The US military struck Iranian missile launch sites and boats on May 25, apparently while both countries were still sitting at the negotiating table in Doha.
US Central Command characterized the operation as “self-defense strikes” aimed at protecting vessels transiting the Strait of Hormuz. The Iranian boats were allegedly attempting to lay mines in the waterway, which handles roughly 20% of global oil flows.
A fragile ceasefire gets more fragile
The strikes didn’t happen in a vacuum. They’re the latest escalation in a conflict that traces back to US and Israeli operations against Iranian nuclear facilities beginning in February 2026. Prior phases included US strikes on Iranian nuclear sites in June 2025, followed by renewed military actions in March and May 2026.
Despite months of kinetic exchanges, diplomacy never fully stopped. Reports from late May 2026 indicated the US and Iran were approaching a broader peace agreement. The Doha talks have continued through what can only be described as a ceasefire that exists more on paper than in practice.
What this means for crypto markets
In April alone, Bitcoin, Ethereum, and XRP all exhibited daily price swings ranging from 1.5% to 7% as US-Iranian tensions fluctuated.
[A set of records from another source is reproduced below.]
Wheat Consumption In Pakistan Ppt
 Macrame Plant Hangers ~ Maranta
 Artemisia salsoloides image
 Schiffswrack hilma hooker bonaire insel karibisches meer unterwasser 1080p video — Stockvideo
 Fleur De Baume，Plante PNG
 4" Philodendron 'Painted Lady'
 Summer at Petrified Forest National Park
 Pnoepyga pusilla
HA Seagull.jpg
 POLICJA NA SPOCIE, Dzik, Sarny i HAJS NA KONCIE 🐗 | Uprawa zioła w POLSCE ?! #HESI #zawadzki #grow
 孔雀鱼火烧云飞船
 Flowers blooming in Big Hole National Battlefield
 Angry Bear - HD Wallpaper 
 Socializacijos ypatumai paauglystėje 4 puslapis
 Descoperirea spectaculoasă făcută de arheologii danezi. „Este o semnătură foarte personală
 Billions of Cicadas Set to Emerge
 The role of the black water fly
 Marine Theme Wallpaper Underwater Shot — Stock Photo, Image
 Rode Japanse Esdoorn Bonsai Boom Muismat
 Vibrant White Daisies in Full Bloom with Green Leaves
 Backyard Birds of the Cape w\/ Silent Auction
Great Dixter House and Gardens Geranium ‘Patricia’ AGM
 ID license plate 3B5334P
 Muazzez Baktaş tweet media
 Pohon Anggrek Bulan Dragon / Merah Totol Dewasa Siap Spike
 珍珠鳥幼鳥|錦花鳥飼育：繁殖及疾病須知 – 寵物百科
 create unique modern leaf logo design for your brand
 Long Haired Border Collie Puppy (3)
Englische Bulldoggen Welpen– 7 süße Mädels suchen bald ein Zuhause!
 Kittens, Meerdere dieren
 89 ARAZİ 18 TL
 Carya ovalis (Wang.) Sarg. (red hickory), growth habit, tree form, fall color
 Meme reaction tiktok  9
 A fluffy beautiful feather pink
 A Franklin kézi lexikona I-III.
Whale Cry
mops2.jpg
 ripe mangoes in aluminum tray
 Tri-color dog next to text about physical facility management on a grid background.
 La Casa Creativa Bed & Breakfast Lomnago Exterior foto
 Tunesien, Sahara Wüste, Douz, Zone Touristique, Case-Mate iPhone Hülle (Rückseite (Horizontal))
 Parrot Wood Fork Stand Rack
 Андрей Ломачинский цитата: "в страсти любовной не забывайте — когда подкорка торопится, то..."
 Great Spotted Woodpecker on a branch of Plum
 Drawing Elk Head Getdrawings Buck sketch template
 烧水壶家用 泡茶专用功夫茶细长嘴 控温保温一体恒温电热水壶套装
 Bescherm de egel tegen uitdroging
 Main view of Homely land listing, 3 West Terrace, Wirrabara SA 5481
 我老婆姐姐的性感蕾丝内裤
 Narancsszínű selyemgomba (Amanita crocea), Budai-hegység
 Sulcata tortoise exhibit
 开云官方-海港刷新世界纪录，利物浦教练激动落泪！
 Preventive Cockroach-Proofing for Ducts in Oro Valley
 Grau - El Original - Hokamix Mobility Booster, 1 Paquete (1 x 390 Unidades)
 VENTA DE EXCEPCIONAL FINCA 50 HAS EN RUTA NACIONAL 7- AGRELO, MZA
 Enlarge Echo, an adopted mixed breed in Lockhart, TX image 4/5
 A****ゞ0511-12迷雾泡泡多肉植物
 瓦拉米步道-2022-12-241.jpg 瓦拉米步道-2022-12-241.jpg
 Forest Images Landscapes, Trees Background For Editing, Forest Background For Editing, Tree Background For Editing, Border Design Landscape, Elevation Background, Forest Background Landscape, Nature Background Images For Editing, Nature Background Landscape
The US Treasury froze over $344 million in digital asset wallets linked to Iranian sanctions evasion in late April 2026. Iran has reportedly leaned on cryptocurrencies to work around the extensive sanctions regime the US has imposed, and Washington has responded with increasingly aggressive on-chain enforcement.
Oil, energy, and the macro backdrop
The Strait of Hormuz is the corridor through which roughly one-fifth of the world’s oil travels. Any credible threat to that flow, whether from mines, missile strikes, or naval confrontations, sends immediate shockwaves through energy markets.
The $344 million wallet freeze sets a precedent for how aggressively the US government will pursue on-chain enforcement during wartime conditions. What matters most in the near term is whether the Doha negotiations produce a tangible agreement or collapse under the weight of continued military action.